→ **EXERCISE**: When you return the data, keep every line exactly as it is and leave out the pictures.

------------------------------------------------------------------------

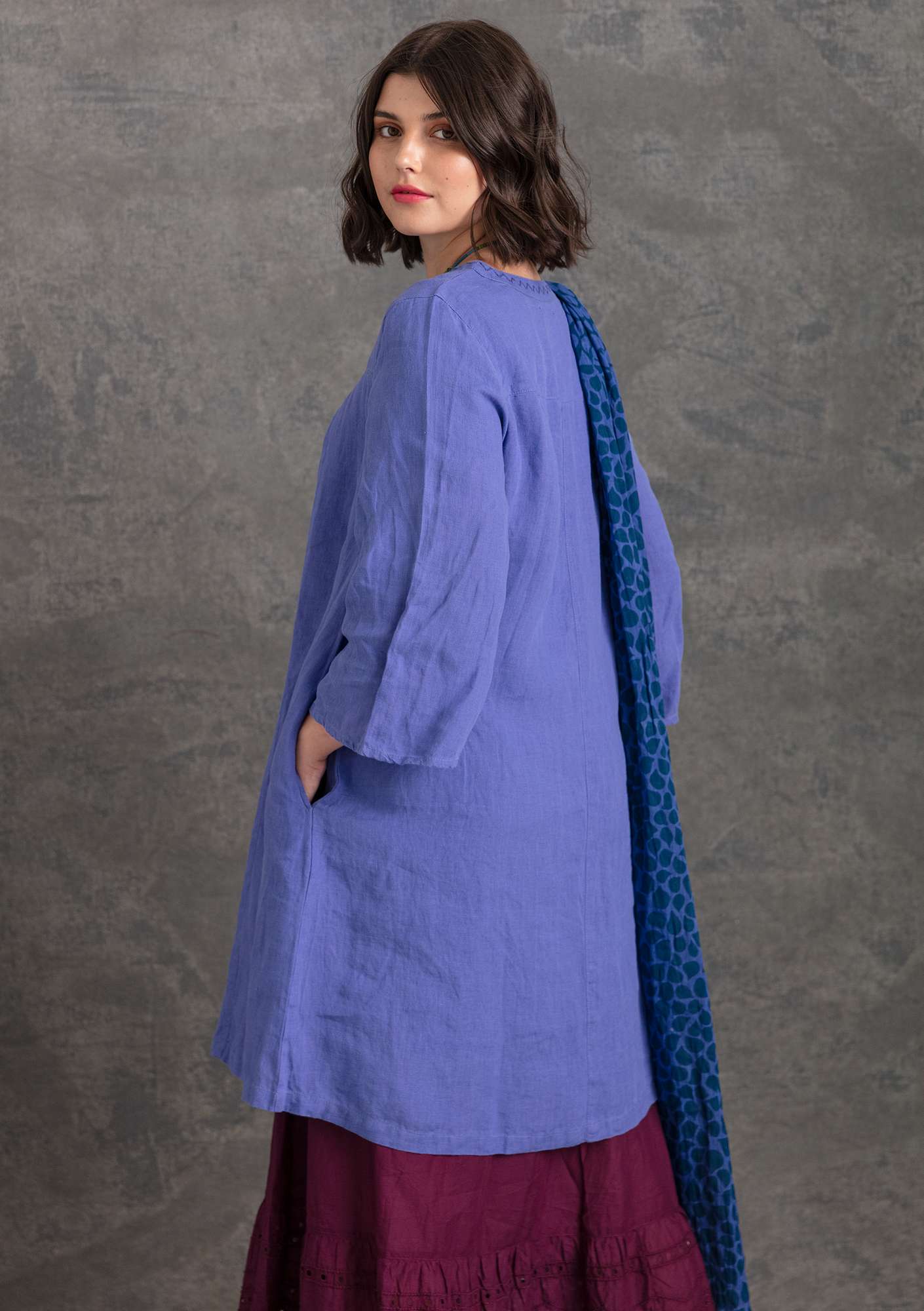 Geweven linnen jurk hemelsblauw thumbnail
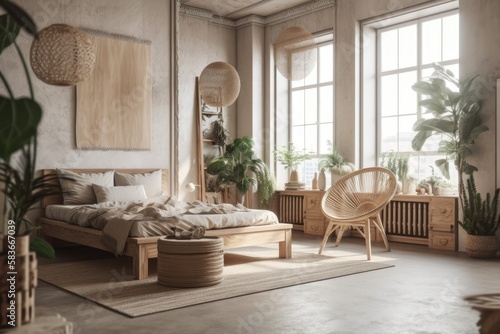 Boho scandinavian farmhouse interior. Beige bedroom with natural wood furniture, shutters, and dry plants. Generative AI © 2rogan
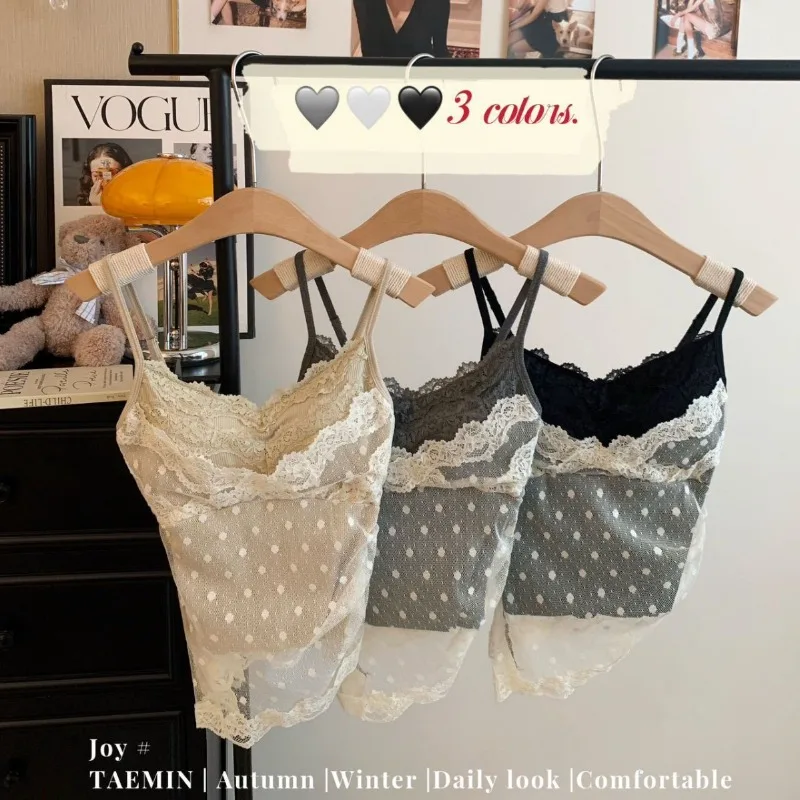 Vintage Polka Dot Fashion Lace Backless Cami Bodysuit for Women Mock Layered Padded Bra Top Slimming See Through Clubwear Outfit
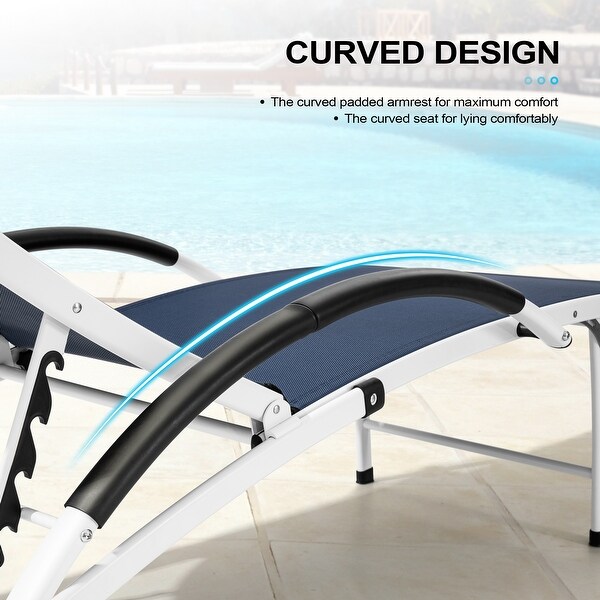 Crestlive Outdoor Adjustable Reclining Chaise Lounge Chair with Arms and Headrest，Aluminum or Steel Frame Options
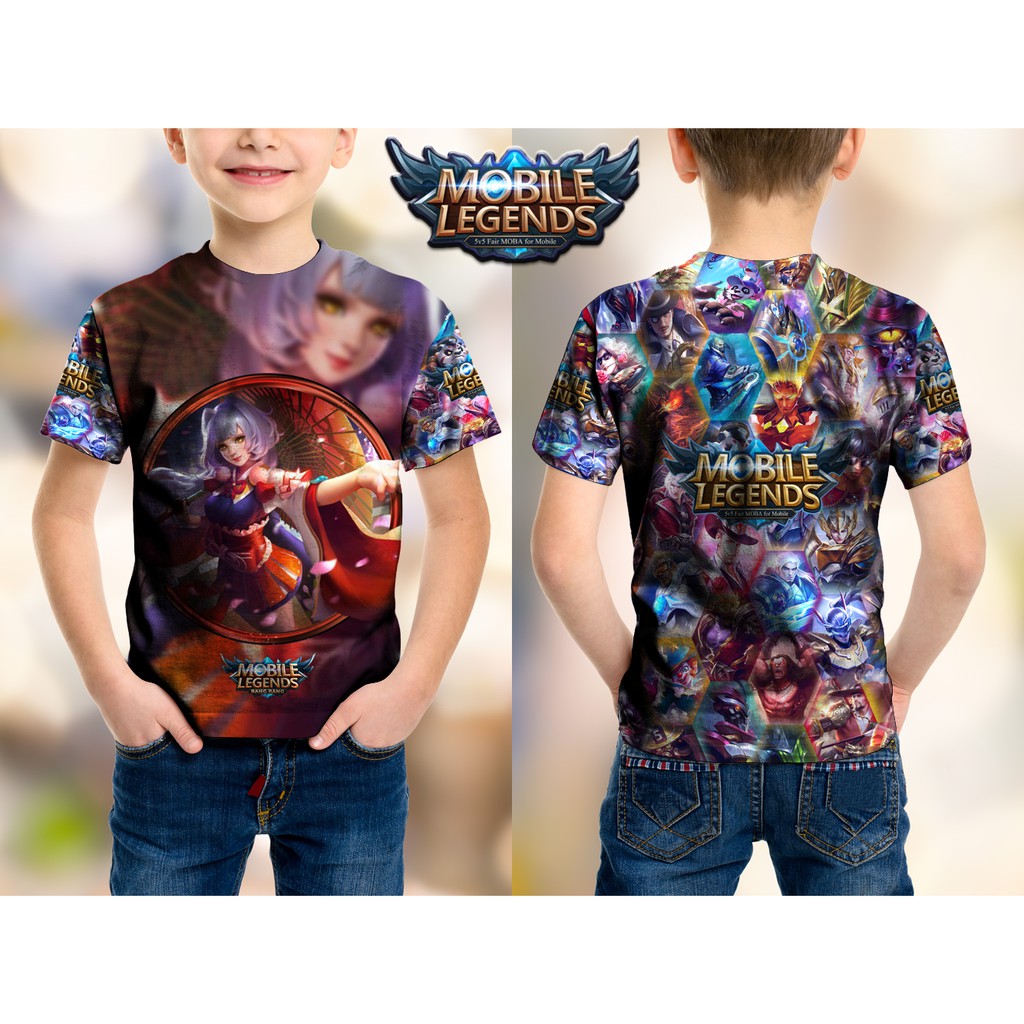 Kaos Fullprint Anak Mobile Legends Kagura Cherry Witch Premium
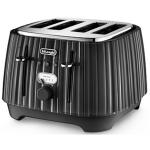Delonghi Ballerina 4 Slice Toaster - Black 1800 Watts Non-slip Feet, Reheat, Defrost and cancel functions, 2 Year Warranty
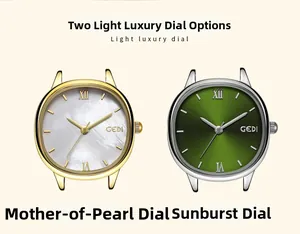 Detail of oval watches with mother-of-pearl and sunray dials in gold and silver cases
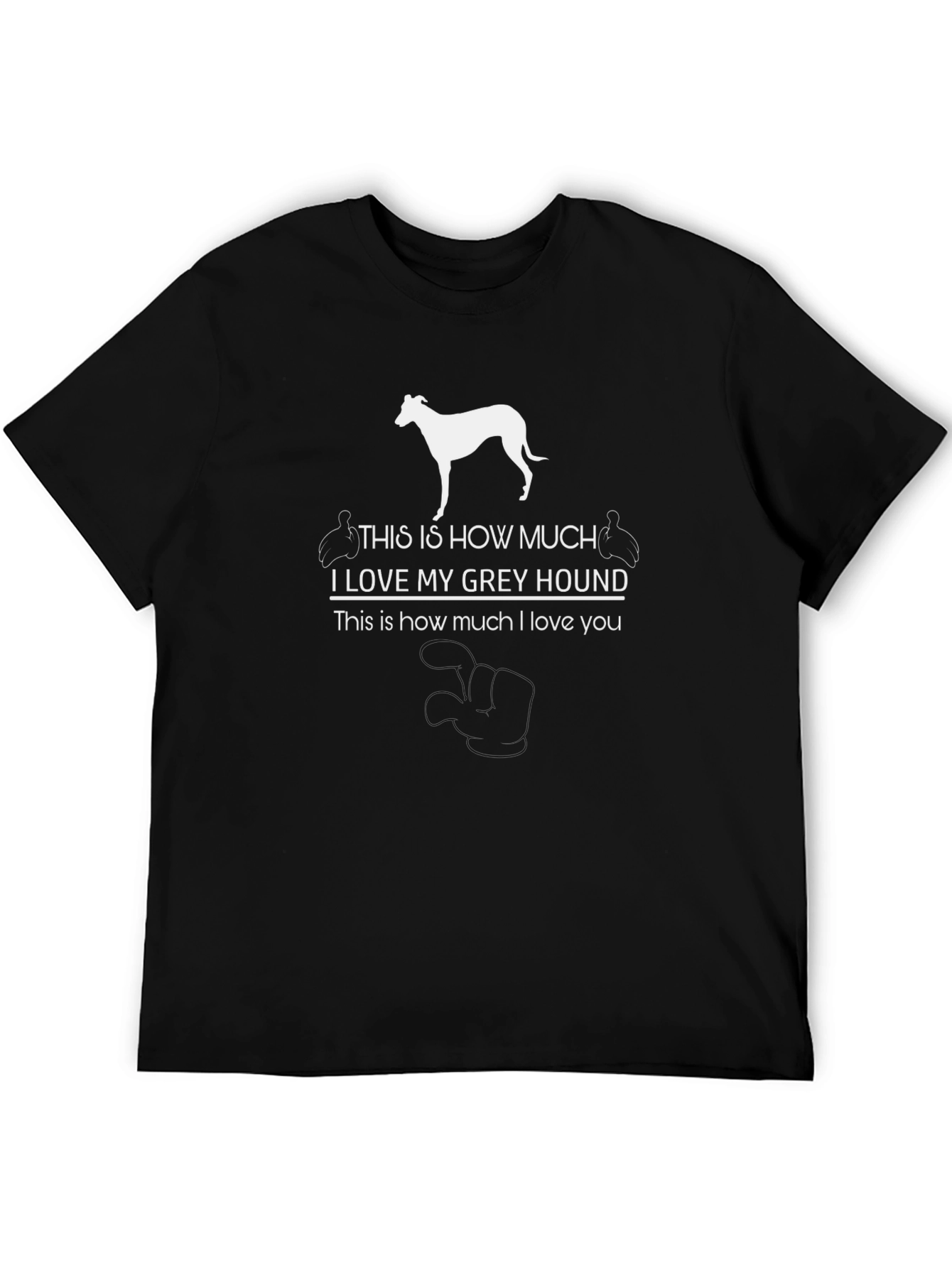 Camiseta Negra Amo a mi Galgo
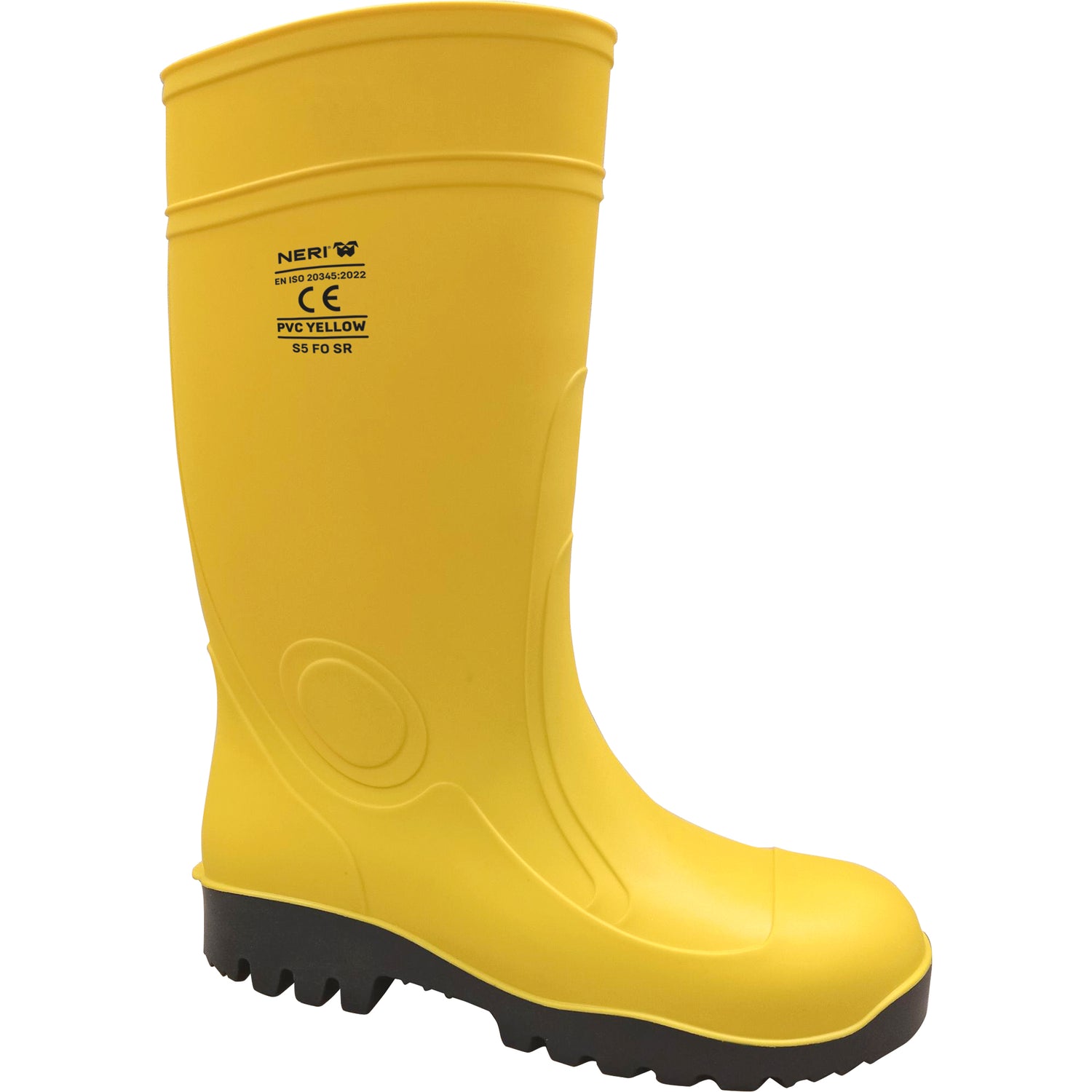 Stivale da lavoro protettivo in PVC YELLOW S5 FO SR - Neri Safety 57011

------------------------------------------------------------------------

→ **ANSWER SPACE**:
 Geweven linnen jurk hemelsblauw thumbnail
 Boho scandinavian farmhouse interior. Beige bedroom with natural wood furniture, shutters, and dry plants. Generative AI © 2rogan
 Vintage Polka Dot Fashion Lace Backless Cami Bodysuit for Women Mock Layered Padded Bra Top Slimming See Through Clubwear Outfit
 Crestlive Outdoor Adjustable Reclining Chaise Lounge Chair with Arms and Headrest，Aluminum or Steel Frame Options
 Kaos Fullprint Anak Mobile Legends Kagura Cherry Witch Premium
Delonghi Ballerina 4 Slice Toaster - Black 1800 Watts Non-slip Feet, Reheat, Defrost and cancel functions, 2 Year Warranty
 Detail of oval watches with mother-of-pearl and sunray dials in gold and silver cases
 Camiseta Negra Amo a mi Galgo
 Stivale da lavoro protettivo in PVC YELLOW S5 FO SR - Neri Safety 57011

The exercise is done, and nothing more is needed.